Insertos en economías bastante endebles y sujetas en muchos casos a los vaivenes de los poderosos que las rodean arriba y abajo, estos países suelen nutrirse mucho de las influencias externas. Ya al caminar por las calles de Tegucigalpa, se tiene la impresión de estar en un lugar extraño. Una sensación de estar transitando por un lugar ajeno, sin dueño. Aún moviéndose uno por lugares céntricos, el panorama que se ve es de desolación, de olvido. Casi no se ve gente caminando por las calles. Sí en cambio, abundan las fuerzas de seguridad, estatales y privadas, que le transimiten a uno una sensación constante de incomodidad y de peligro latente.
No obstante, la ciudad tiene para ofrecer escenarios naturales muy encantandores. A unos pocos kilómetros de la capital puede encontrarse la ciudad de Valle de Ángeles, que con sus selvas y sus callecitas coloniales logran cautivar a los turistas que la recorren día a día en grandes cantidades.

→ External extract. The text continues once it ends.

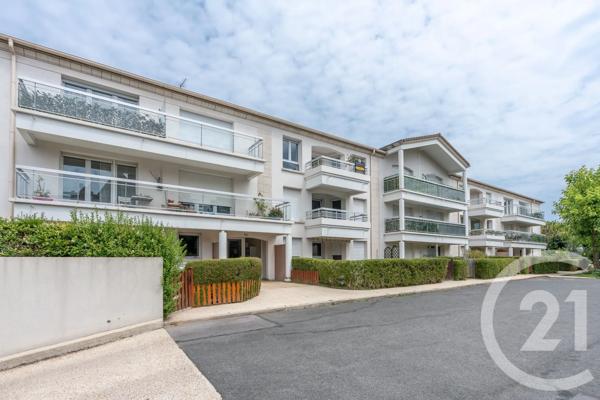 Appartement F2 à vendre  2 pièces - 47,70 m 2   VILLIERS SUR MARNE  - 94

Tegucigalpa en definitva es eso, una ciudad con un gran potencial, con recursos suficientes como para ofrecer una amplia gama de opciones tanto a sus propios habitantes como a los que la visitan, pero que pareciera estancada en su propia incapacidad de poder progresar.
En conclusión, una ciudad sin alma y un desafío mayor para el turista.